I’ve recently learned a couple of neat tricks to process large amounts of text files more efficiently from my new co-worker @nicolaskruchten. Our use-case is efficiently going through tens of gigabytes of logs to extract specific lines and do some operation on them. Here are a couple of things we’ve done to speed things up.
Keep everything gziped
Often, the bottleneck will be IO. This is especially true on modern servers that have a lot of cores and ram. By keeping the files we want to process gziped, we can use zcat to directly read the compressed files and pipe the output to whichever script we need. This reduces the amount of data that needs to be read from the disk. For example:
zcat log.gz | grep pattern
If you’re piping into a Python script, you can easily loop over lines coming from the standard input by using the fileinput module, like this:
import fileinput for line in fileinput.input(): process(line) |
Use parallel to use all available cores
GNU parallel is the coolest utility I’ve discovered recently. It allows you to execute a script that needs to act on a list of files in parallel. For example, suppose we have a list of 4 log files (exim_reject_1.gz, exim_reject_2.gz, etc) and that we need to extract the lines that contain gmail.com. We could run a grep on each of those files sequentially but if our machine has 4 cores, why not run all the greps at once? It can be done like this using parallel:
parallel -j4 "zcat {} | grep gmail.com" ::: exim_reject*.gz
Breaking down the previous command, we tell parallel to run, using 4 cores, the command zcat {} | grep gmail.com, where {} will be substituted with each of the files matching the selector exim_reject*.gz. Each resulting command from the substitutions of {} will be run in parallel.

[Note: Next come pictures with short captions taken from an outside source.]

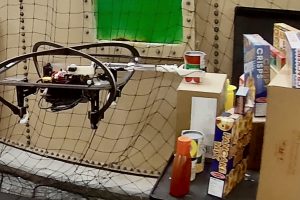 A quadcopter uses an outstretched arm to grasp a can of tomato soup from a pile of groceries.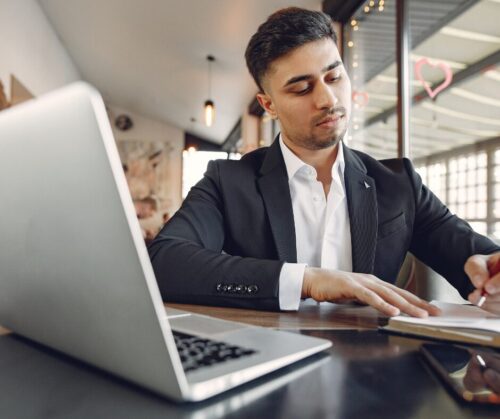 Mann schreibt Notizen während Online Führungsseminar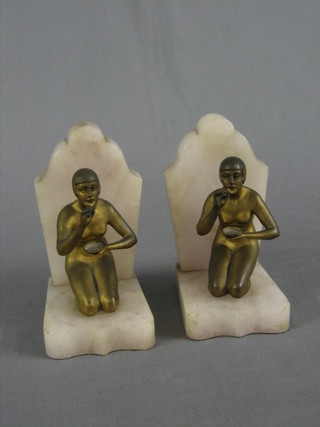 A pair of Art Deco gilt painted spelter and marble book ends in the form of kneeling ladies with bubble pipes 6" (1 f)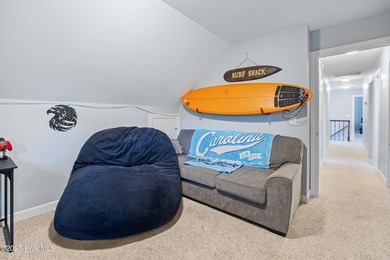 Discover this beautifully remodeled, brick traditional two-story on Oak Island Golf Club in North Carolina - for sale on GolfHomes.com, golf home, golf lot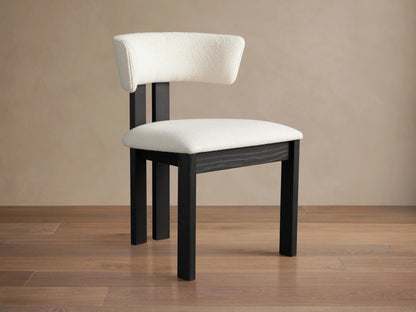 Rodin Dining Side Chair with a curved backrest and cushioned seat in white fabric, set on dark ash wood legs on a wooden floor.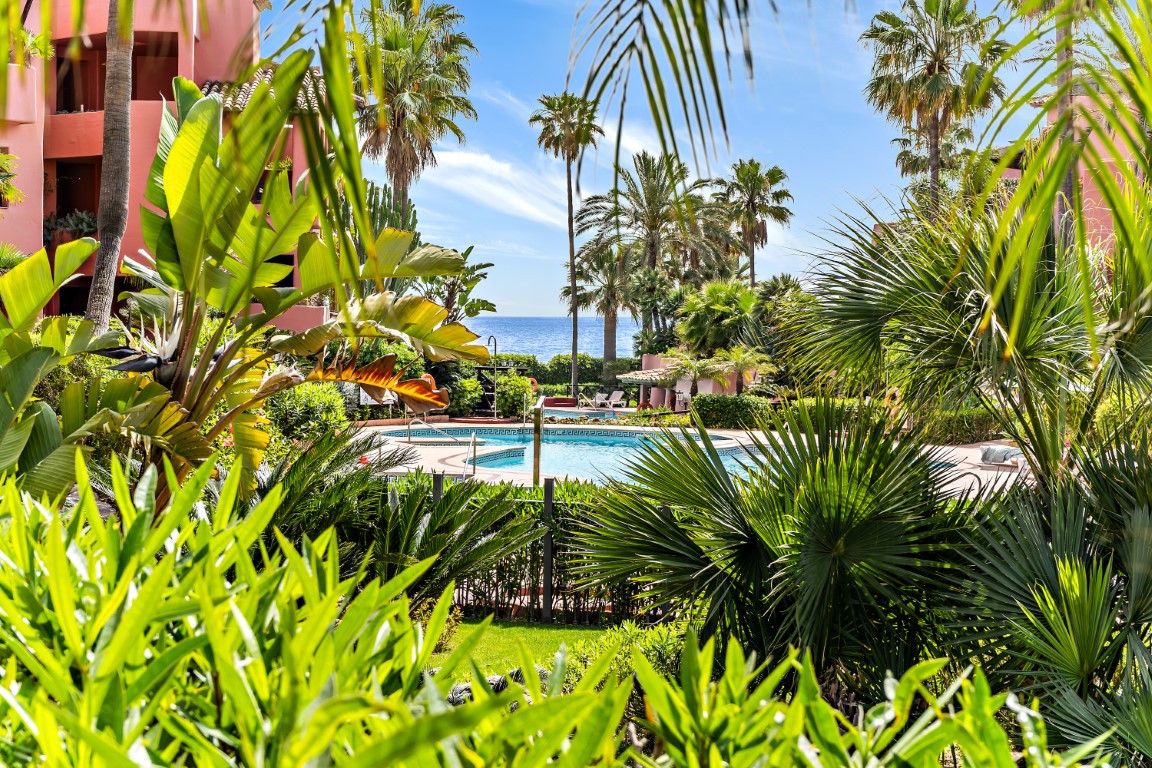 Impressive two bedroom, beach front ground floor apartment located in the luxury gated community of Menara Beach, Estepona.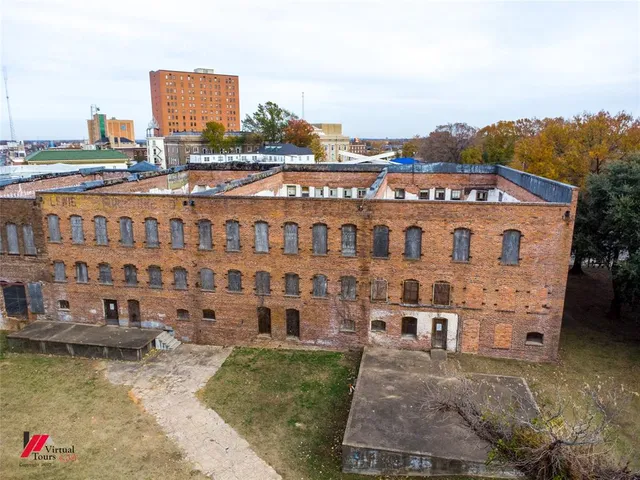 a view of a building with a street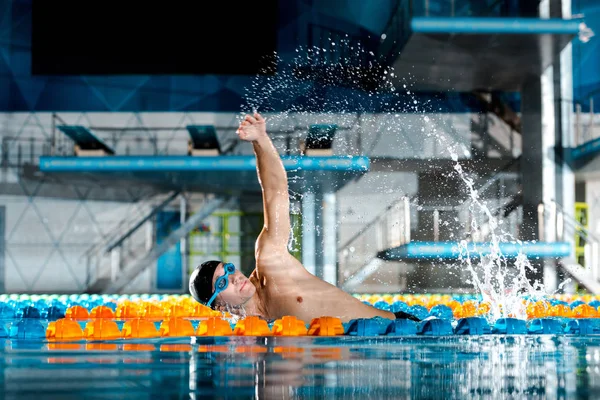 Gotas de água perto de treinamento atlético nadador na piscina — Fotografia de Stock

What’s great about it is that you can also collect all the results from the parallel executions and pipe them into another command. We could for example decide to keep the resulting lines in a new file like this:
parallel -j4 "zcat {} | grep gmail.com" ::: exim_reject*.gz | gzip > results.txt.gz
Use a ramdisk
If you’ll be doing a lot of reading and writing to the disk on the same files and have lots of ram, you should consider using a ramdisk. Doing so will undoubtedly save you lots of IO time. On Linux, it is very easy to do. The following command would create an 8GB ramdisk:
sudo mount -t tmpfs -o size=8G,nr_inodes=1k,mode=777 tmpfs /media/ramdisk
In the end…
By using all the tricks above, we were able to considerably improve the overall runtime or our scripts. Well worth the time it took to refactor our initial naive pipeline.